OBJECTIVE: Despite technical specifications of neonatal mechanical ventilators (MVs) guarantee clinically irrelevant discrepancies between the set and the delivered values of ventilation parameters, previous studies reported large deviations. Most studies characterized performances of a given model/brand by studying a single device, disregarding possible intramodel differences, and leaving the accuracy of the ventilation parameters effectively delivered in clinical settings unknown. The aim of this study was to evaluate the real-life accuracy of pressure and volume parameters delivered by neonatal ventilators ready to be used on patients in neonatal intensive care units (NICUs). STUDY DESIGN: In vitro study. SUBJECTS SELECTION: Neonatal ventilators (n = 33 of 8 different models) available in four European NICUs. METHODOLOGY: The MVs were connected to a test lung (resistance = 50 cmH2 O*s/L, compliance = 0.35 mL/cmH2 O) provided with pressure and flow sensors. MVs were tested over two different ventilation modes randomly: (a) pressure controlled (PC) with a peak inspiratory pressure (PIP) of 22 cmH2 O, and (b) PC with volume targeted ventilation (VTV) with a tidal volume (VT ) of 6 mL. In all tests, positive end-expiratory pressure (PEEP) was set to 6 cmH2 O, respiratory rate to 45 breaths/min, inspiratory time to 0.33 seconds, and oxygen fraction to 0.3. RESULTS: During PC the median (min-max) values delivered were: PEEP = 5.84(4.95-6.48) cmH2 O, PIP = 21.63(20.04-22.62) cmH2 O. During VTV, VT was 5.94(4.63-8.01) mL. VT was considerably variable, ranging from -22% to +33% of the set and displayed values. Differences in accuracy among devices of the same model were comparable to those found among different models. CONCLUSIONS: Our findings suggest that loss of accuracy in ventilation variables is likely related to daily use of the devices rather than weakness in the design or manufacturing process, urging the improvement of maintenance and quality control procedures to preserve the performances of neonatal MVs during their entire lifespan.

Accuracy of oscillatory pressure measured by mechanical ventilators during high frequency oscillatory ventilation in newborns.

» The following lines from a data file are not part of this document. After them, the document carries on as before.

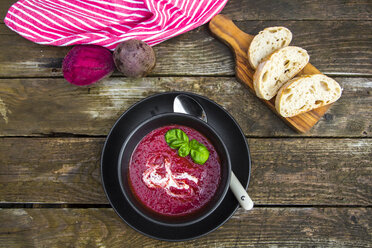 Bowl of beetroot soup, white bread on chopping board - SARF002372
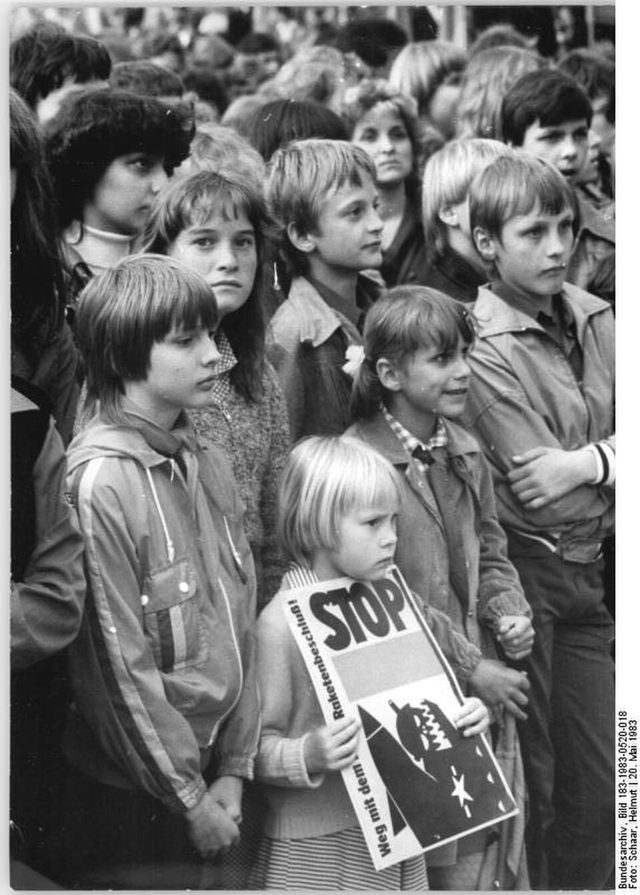"STOP Raketenbeschluß!": child with a placard at a youth peace rally, Suhl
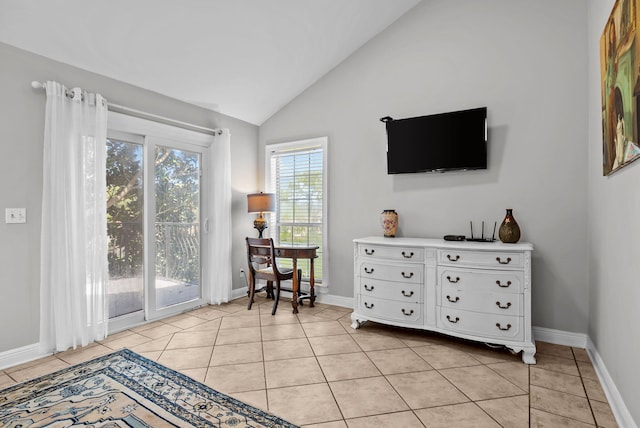 sitting room featuring baseboards, vaulted ceiling, and light tile patterned flooring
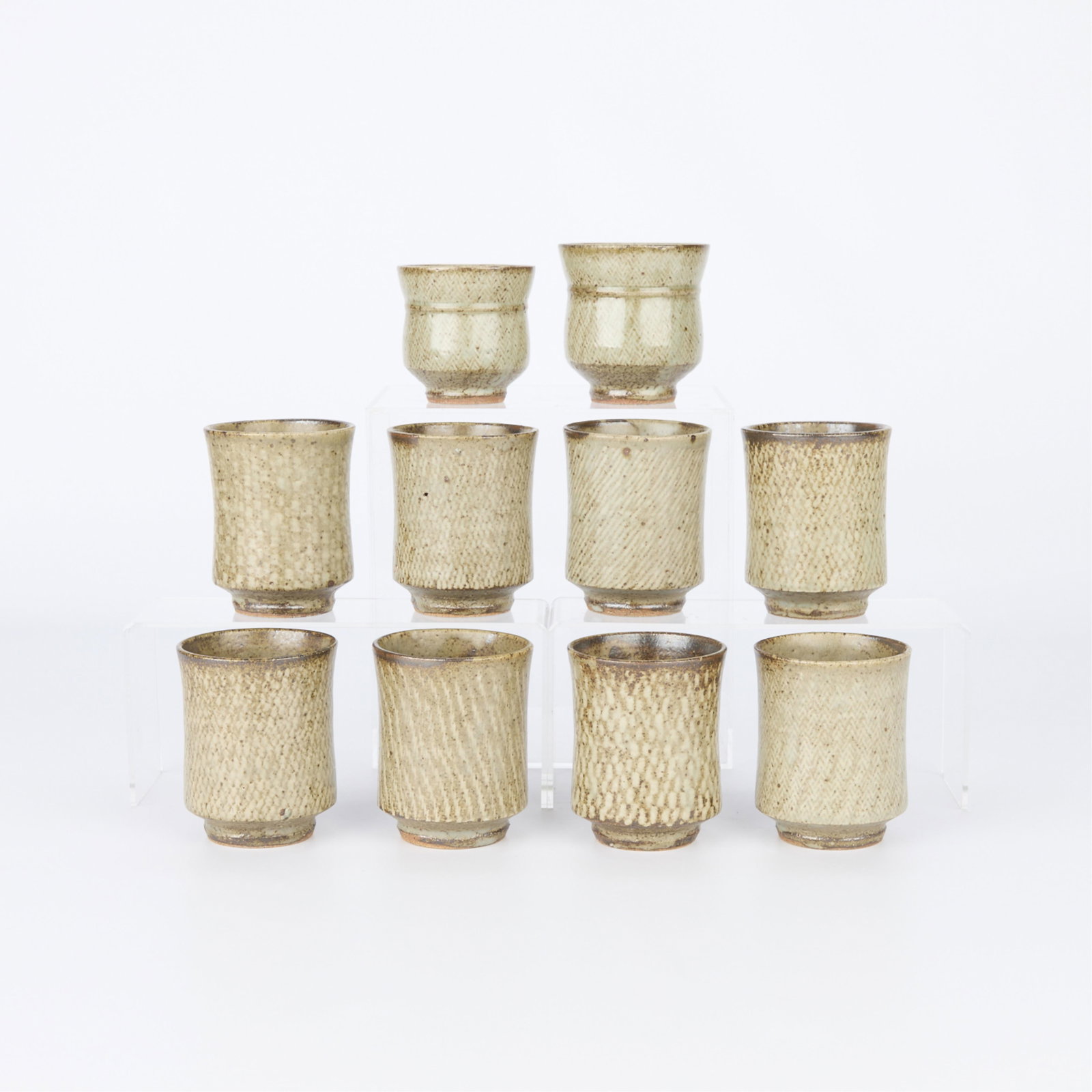 10 Tatsuzo Shimaoka Ceramic Tea Bowl Cups: Tatsuzo Shimaoka (Japanese, 1919-2007). Group of ten studio ceramic chawan tea bowls or yunomi cups, 20th century. Stoneware of an iron-saturate, Mashiko clay body. With an iron-free ash celadon glaze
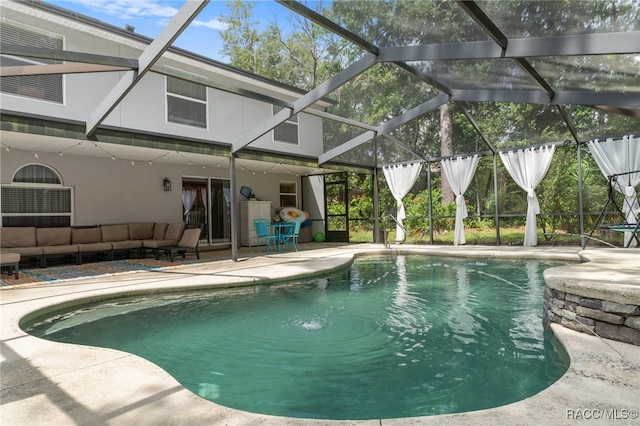 view of swimming pool featuring an outdoor hangout area, glass enclosure, and a patio area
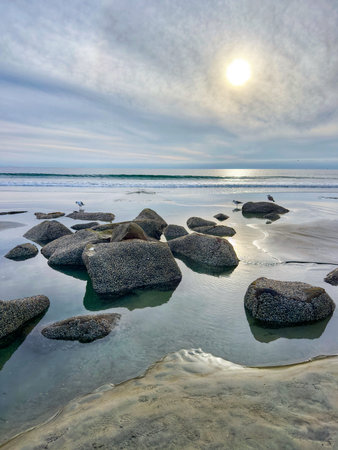 Stunning view at beach with coastal rocks and clear ocean water. High quality photo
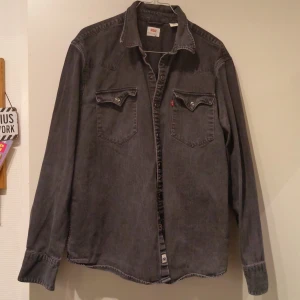Mörkgrå Levi's skjorta i bomull XL - Snygg mörkgrå skjorta från Levi's i 100% bomull, storlek XL. Klassisk westernstil med två bröstfickor med knappar och markerad krage. Långärmad med knappar vid ärmslut och fram. Perfekt för dig som gillar avslappnad och cool look.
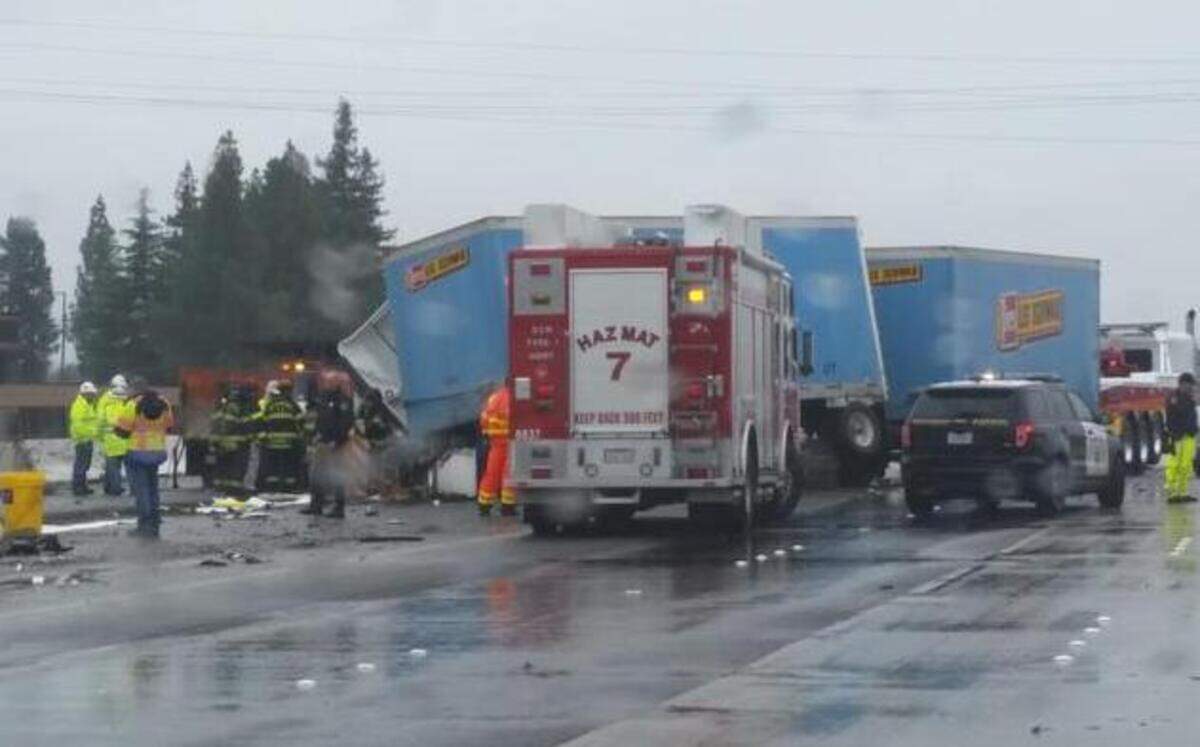 
Crews work to clear a jackknifed big rig from Interstate 5 in south Sacramento. The crash has caused traffic problems since late Tuesday morning.
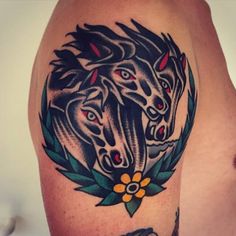 a close up of a tattoo on a person's arm with three horses in the middle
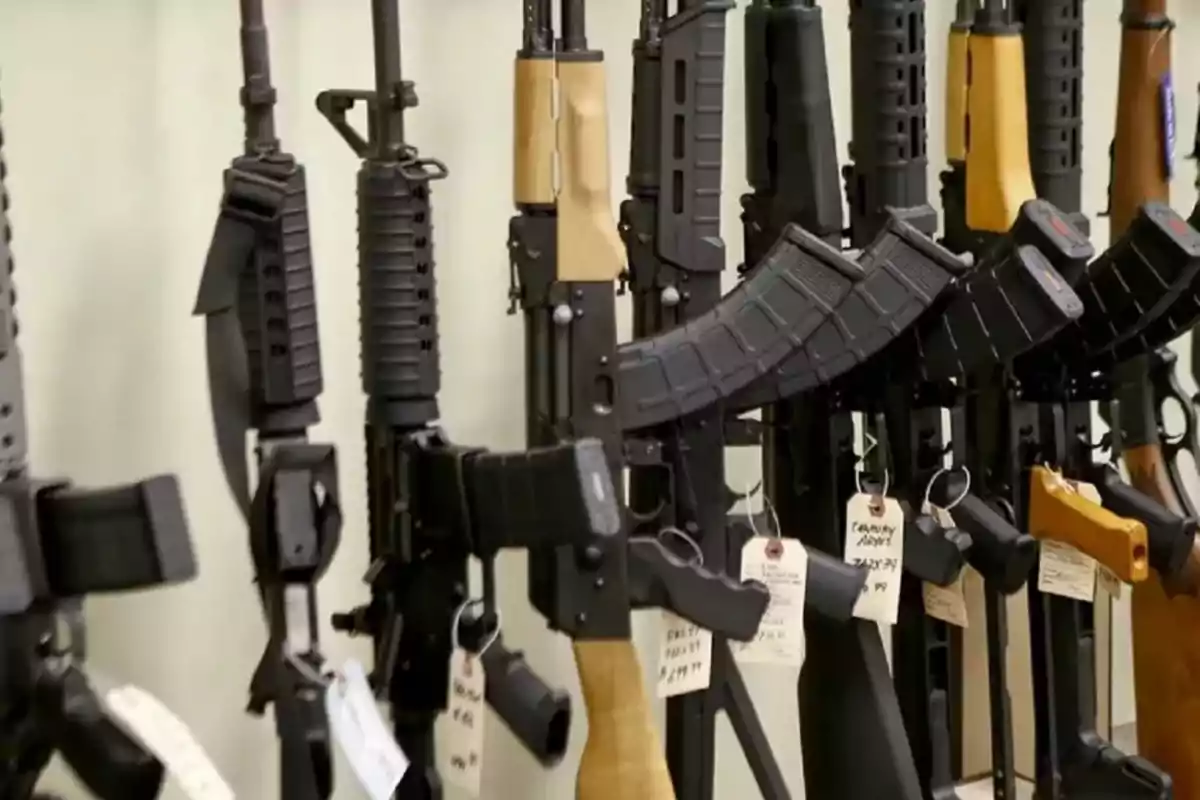 Varios rifles de asalto alineados en exhibición con etiquetas de precio colgando en una tienda de armas Varios rifles de asalto alineados en exhibición con etiquetas de precio colgando en una tienda de armas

BACKGROUND: Oscillatory pressure (ΔP) measurement during high frequency oscillatory ventilation (HFOV) is technically challenging and influenced by all the components of the measurement system. OBJECTIVES: To evaluate the differences between the ΔP delivered at the inlet of the endotracheal tube and those displayed by commercial neonatal mechanical ventilators and monitoring devices and to characterize how the ventilator circuit and the flowmeter proximal to the patient affect these differences. METHODS: Six devices were evaluated while ventilating three mechanical analogues representing the newborn respiratory system in different disease states. ΔP measured at different points of the ventilator circuit were compared. RESULTS: ΔP accuracy is highly variable and decreases with increasing oscillation frequency and amplitude, independently of the mean airway pressure. At 15 Hz, a ΔP displayed by ventilators of 40 cmH2 O resulted in a ΔP effectively delivered at the tracheal tube ranging from 22 to 49 cmH2 O, depending on the ventilator model, the ventilator circuit, and the patient condition. At these settings, the errors exclusively due to the ventilator circuit and the presence of the flowmeter ranged from 6 to 9 cmH2 O and from 1 to 6 cmH2 O, respectively. CONCLUSIONS: The ventilator model, the breathing circuit, the flowmeter, and the patient condition severely impacts ΔP measurement accuracy during HFOV, leading to highly variable performances. This prevents the possibility of using the ΔP required to normalize gas exchange as an indicator of patients' condition, complicates comparison of ventilators performances, and adds a significant element of complexity in clinical management of HFOV.